Strapping Young Lad / Strapping Young Lad

Syl

Syl

 

 カナダ出身のマルチミュージシャン/プロデューサーDevin Townsend率いるエクストリームメタルバンドの3rdアルバム。

 

 「SYL」とも称されるセルフタイトルで、邦題は「帰ってきた超高速怒轟重低爆音」。バンドとしては約6年ぶりのリリースということで、ブランクを経て久々に暴れまくるぜ!という意図があったのかは定かではないけど、以前と比べて更にエクストリームな面を強化してきました。

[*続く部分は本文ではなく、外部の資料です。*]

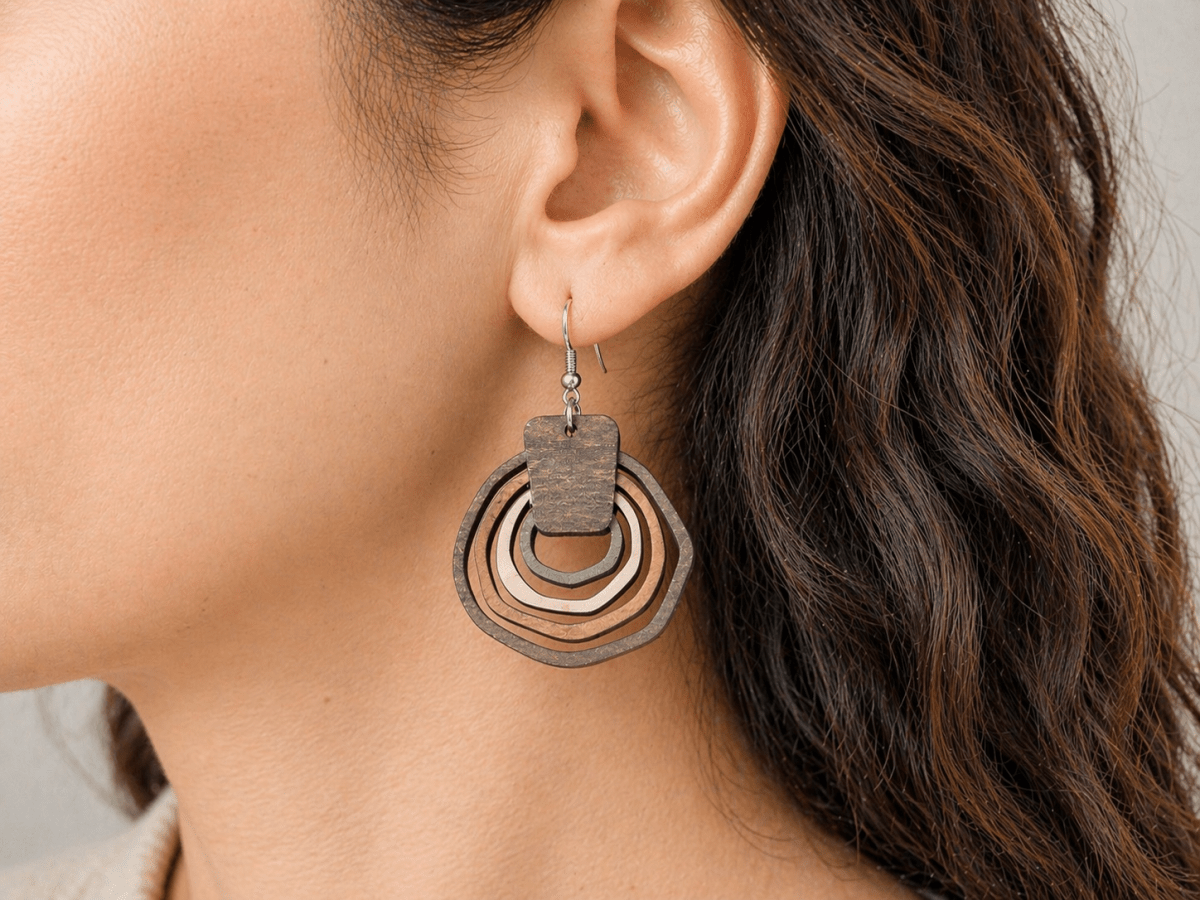 Kassidy wooden drop geometric earrings being worn by a model  - Corky & Stoner Main image
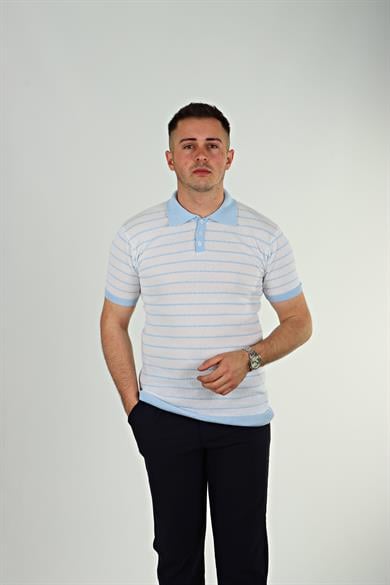 Tmb Zikzak Triko Tshirt Bebe Mavi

音の厚みというよりも、連打を重視したかのようなスタンスでとにかくグラインドに爆走していきます。若干ブラック臭もするような。まぁ強烈ですよ。メッタ打ち。轟音シンセも並走する独特の煌びやかさは相変わらずだけど、今回はDevin Townsend先生お得意の美メロを聴かせるパートはやや控えめでボーカルは吠えまくり、ドラムもギターリフも容赦なしに刻む刻む。レッドゾーン振り切りまくり。完成度の高さや新たな方向性という意味ではもちろん歓迎すべきなんですが、1stの無機質さや2ndの痛快さを知った上で本作を聴くと、個人的な好みからは少しズレてしまうというのが正直なところ。でもエクストリームメタルとしての完成度は間違いないと思います。